Among the new and more accurate techniques for predicting adverse pregnancy outcomes, the measurement of maternal visceral adiposity using ultrasonography is becoming promising. GDM outcome with measurements greater than 4.7 cm in the Armellini region (distance from the linea alba to the aortic cross in the maternal supraumbilical region in the first 20 weeks) showed a significant odds ratio of 16.9 [30]. A similar study found a significant odds ratio of 14.4 among Armellini measurement greater than 4.5 cm in nonobese prepregnant women [31]. Regarding the outcomes of preeclampsia and premature birth with preeclampsia, Armellini region measurement above 5.2 cm between 11 and 14 weeks of gestation showed a significant relative risk of 3.1 and 16.9, respectively, even after control of concomitant pregnancy conditions [32].

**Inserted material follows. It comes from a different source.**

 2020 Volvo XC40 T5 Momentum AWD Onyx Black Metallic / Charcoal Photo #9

The study’s main strength was the disease search at baseline and during the hospitalization process for labor and delivery, resulting in a GDM, gestational hypertension, and preeclampsia double check. Furthermore, the study focused in low-risk pregnant women, which simulates the majority of outpatient care during pregnancy. Here, simple maternal anthropometric measurements can become tools for decision-making in clinical practice routine.

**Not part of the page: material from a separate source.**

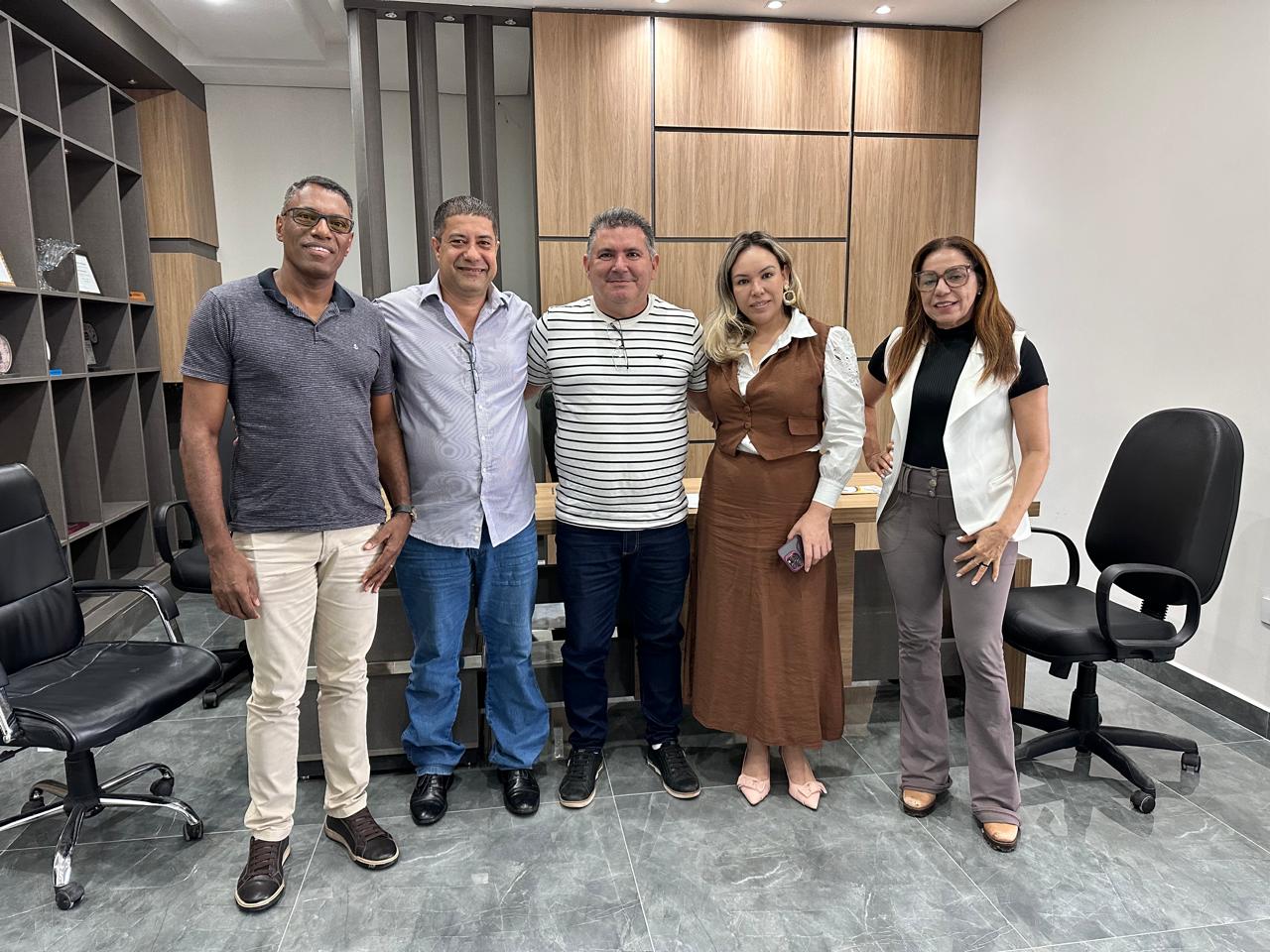 Câmara firma convênio com a Uniflor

Limitations during the study unfortunately existed, including self-reported prepregnancy weight, reported by some patients when weight information was not available in first-trimester prenatal records. However, several studies demonstrated that using self-reported weight in pregnant women and young adults is valid [33, 34]. Furthermore, total weight gain during pregnancy was obtained in approximately 55% of the sample. This fact is due to the lack of routine measurement of maternal weight during hospitalization to labor and delivery.

5. Conclusions

In summary, the present study suggests that the use of adult BMI thresholds among pregnant women may not be universally applicable to all scenarios. Instead, adopting 27 kg/m2 as a cut-off point threshold appears to be more effective in predicting adverse pregnancy-related outcomes, achieving a better balance between sensitivity and specificity. This allows for early identification of pregnant women at risk for common metabolic outcomes of pregnancy with superior accuracy. Ultimately, early implementation of rigorous clinical and nutritional care will lead to better maternal and perinatal outcomes.

Data Availability

Full database was uploaded at Phisionet Journal Repository under numbers doi:10.13026/p729-7p53 and doi:10.13026/zedg-p783.

Conflicts of Interest

The authors declare that there is no conflict of interest regarding the publication of this paper.

Acknowledgments

This study is supported by the Research and Events Incentive Fund (Fundo de Incentivo à Pesquisa e Eventos (FIPE)) from the Hospital de Clínicas de Porto Alegre. Publication support is from the Department of Resource Coordination and Control (DCCR)—linked to the Graduate Program in Child and Adolescent Health—Universidade Federal do Rio Grande do Sul, Brazil. Special thanks are due to the Hospital de Clínicas de Porto Alegre (HCPA), Brazil.